As we prepare
for Advent and the new church year, I am trying to figure out the best way to
get myself through a season that now bears painful as well as joyful
associations. It is usually difficult enough for newly bereaved people to make
it through their first holiday season, but I will have a particularly
challenging time of it for two reasons. My wife died last year shortly before
Christmas. What’s more, her fatal stroke occurred on my birthday, whose
proximity to Christmas has always brightened this season for me. Now I need to
figure out how to mark those occasions so as to recognize both the joy and the
horror.
I’ve decided to
start with the lyrics to a song that has moved me deeply
the past few years at this time: Noel Paul Stookey’s “Christmas Dinner.”
And it came to
pass on a Christmas evening
While all the doors were shuttered tight
Outside standing, a lonely boy-child
Cold and shivering in the night.
This, of
course, is the paradox of Advent. A young boy comes into the world, yet it is
not in the midst of plenty but in a poor and meager place because the doors of
those who could give in abundance were shut and barred to keep strangers out. It
is a strange kind of joy that must stand cold and shivering because the night
envelops it, the taint of death ever-present even at birth. But note that it is
of this child that we long to hear, because his predicament touches our common
humanity.
On the street
every window
Save but one was gleaming bright
And to this window walked the boy-child
Peeking in saw candlelight.
Why did the boy
go to the one window that was dark: that seemingly had the least to offer? Yes,
he may have felt himself unworthy, but perhaps there is also something about
darkness that draws us as no mere light can do. Darkness is deep and rich and
welcoming, and the faint glow of candles warms the heart.
Through other
windows he had looked at turkeys
And ducks and geese and cherry pies
But through this window saw a gray-haired lady
Table bare and tears in her eyes.
Why, we may
wonder, is this lady alone? Has she no children, no grandchildren, no family at
all to make this night a time of laughter instead of tears? Or have we simply all
missed her, all in our mad rush to the turkeys and pies whose richness dulls
our senses to the truly lonely, to the ones among us for whom any special day will
yield only a bare table and candlelight? To her the child is instinctively drawn, for he has
no abundance to distract him.
Into his coat
reached the boy-child
Knowing well there was little there
He took from his pocket his own Christmas dinner
A bit of cheese, some bread to share.
Where, I
wonder, did he get that food? Someone in pity must have reached out to him as
he, instinctively, is about to reach out to someone else. The gesture is so
universally human that we may be ashamed to have forgotten it. He who has so
little has had no time to forget.
His
outstretched hands held the food and they trembled
As the door it opened wide
Said he "Would you share with me Christmas dinner?"

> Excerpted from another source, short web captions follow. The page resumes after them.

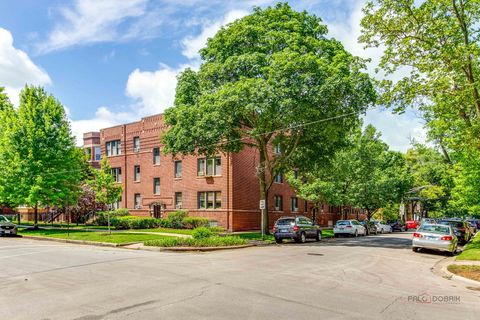 Photo of 1949 W Argyle Street #3, Chicago, IL 60640 (MLS # 12676446)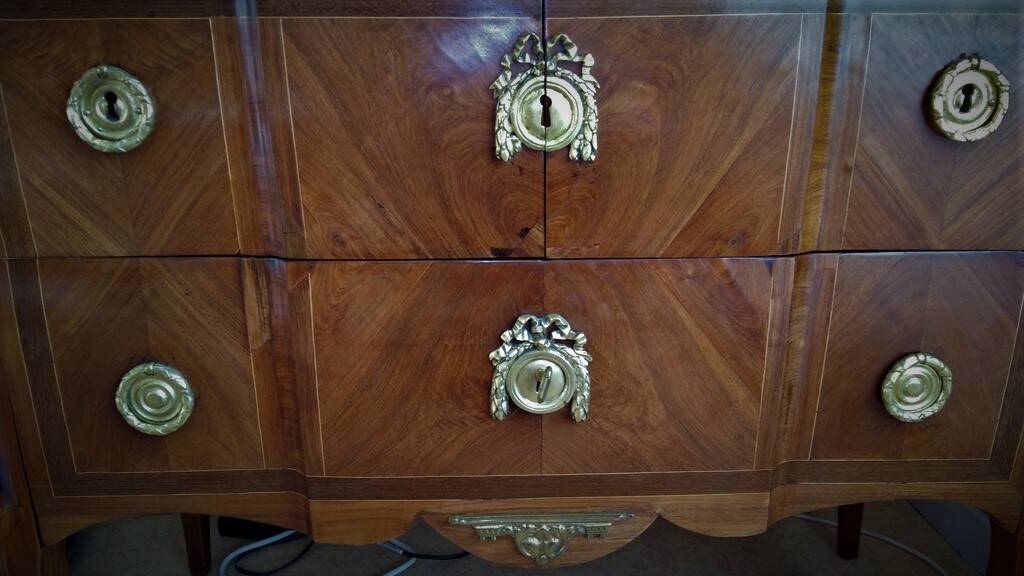Commode transition xviii siècle estampillée jb vassou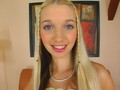 Petite blonde de l'est d�balle le matos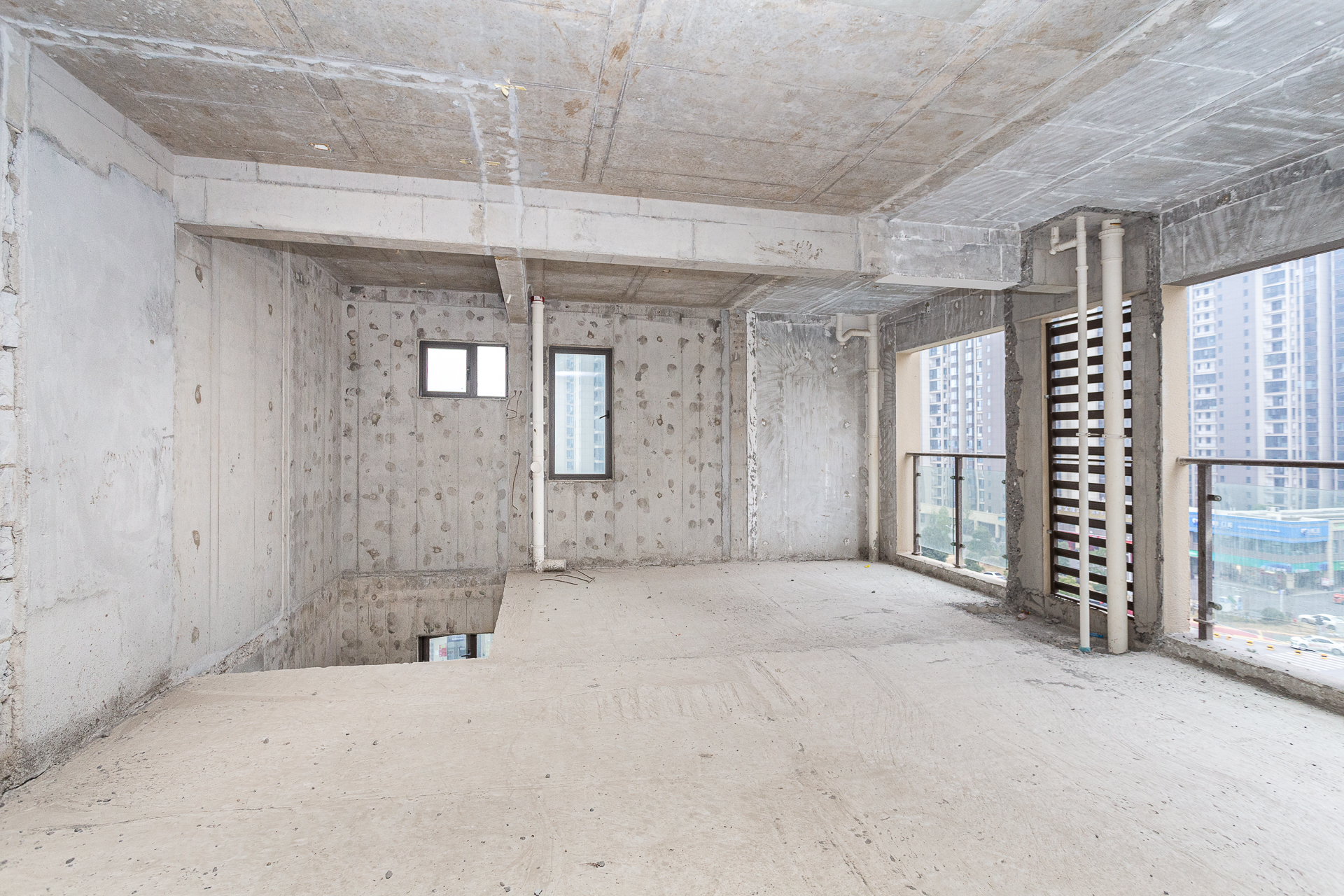 润和湘江天地C区 4室2厅2卫 150.0万 润和湘江天地C区 4室2厅2卫 150.0万卧室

And gently said she "Come inside."
In the question
and the answer are stored all the mystery and holiness of the season. The young
boy and the old lady are strangers and opposites, yet they complete each other.
She has the home without joy or sustenance. He has the food without company or
the nurturing presence of another. An old lady should have grateful children,
and a young boy should have loving parents. By reaching out to each other, both
acknowledge their need.
The gray-haired
lady brought forth to the table
Glasses two and her last drop of wine
Said she "Here's a toast to everyone's Christmas,
And especially yours and mine!"
How many
others, we wonder, had toasted that year to everyone’s Christmas? In all the
houses with the turkeys and ducks was such a toast ever heard? Why is it the
lonely old woman and the poor shivering boy who alone (in both senses of the
word) share such a Christmas wish?
And it came to
pass on that Christmas evening
While all the doors were shuttered tight
That in that town the happiest Christmas
Was shared by candlelight.
And now we see
the point of the story. I imagine that the old lady had been mourning the loss
of her family, either to death or to its spiritual cousin, indifference. She
had been crying because this Christmas, for her, was a time of heightened pain
and grief. The boy must have either run away or been, inconceivably, cast out. In
their dinner together, loss and rejection met and embraced, and the result was
the magic chemistry that produced happiness from out of nothing at all: no
turkey, no presents, no beloved children or loving parents, death from cold and
starvation a mere step away.
This year I
will acknowledge that my birthday is a time to honor both birth and death,
because the two are always and inextricably bound together. I will acknowledge
that Christmas is a time to celebrate both joy and loss: the blessing of family
at hand and the deep and lyrical grief of a great love that now lives only in
the past, but whose memory paints hope and comfort on the unknown canvass of
what is yet to come. I will step into that vastness with gratitude. I will live
to begin another year.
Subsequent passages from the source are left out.